Around the world, sovereign nations, private investors, central banks, and the über rich are taking delivery of physical gold by the ton. Relatively few economists understand why. Keynes called the gold standard a “barbaric relic.” As it turns out, the ‘golden constant’ is money par excellence.
“Gold is a currency. It is still, by all evidence, the premier currency. No fiat currency, including the dollar, can match it.” Alan Greenspan (former Federal Reserve Chairman), at the Council on Foreign Relations, Oct. 29, 2014, Gillian Tett, “The Financial Times.”
PHENOMENON OF THE GOLDEN CONSTANT
Throughout history, gold has played a central monetary role. Although gold is referred to as a commodity, the rare metal is not consumed. All great civilizations have conducted trade with gold (until they declined).
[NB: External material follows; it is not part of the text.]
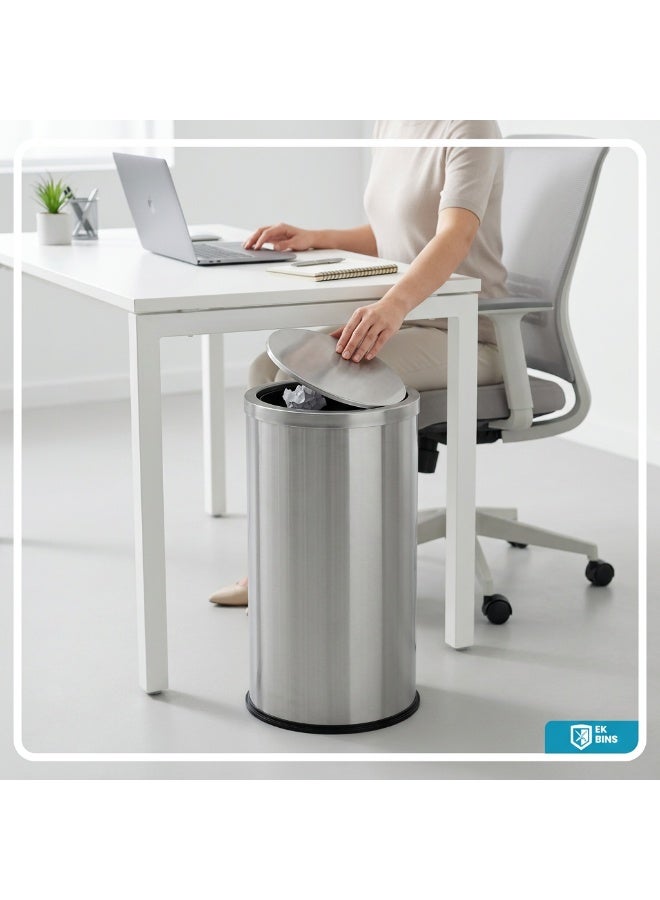 EK Bins Swing-Lid Trash Bin | Brushed Stainless Steel Finish | Detachable Inner Liner | Suitable For Bathrooms, Kitchens, Homes & Communal Spaces | 30 Liters - Image 5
A business professor at the University of California at Berkeley re-discovered why gold has always been the premier currency. After years of ground-breaking research, he uncovered gold’s unique monetary value.
In his book, The Golden Constant, Professor Roy Jastram charted the relationships between gold and numerous commodities over the centuries.* Starting from the year 1560, the data reveal the nearly constant purchasing power of gold. Over time, gold maintains relationships with individual commodities that are constant.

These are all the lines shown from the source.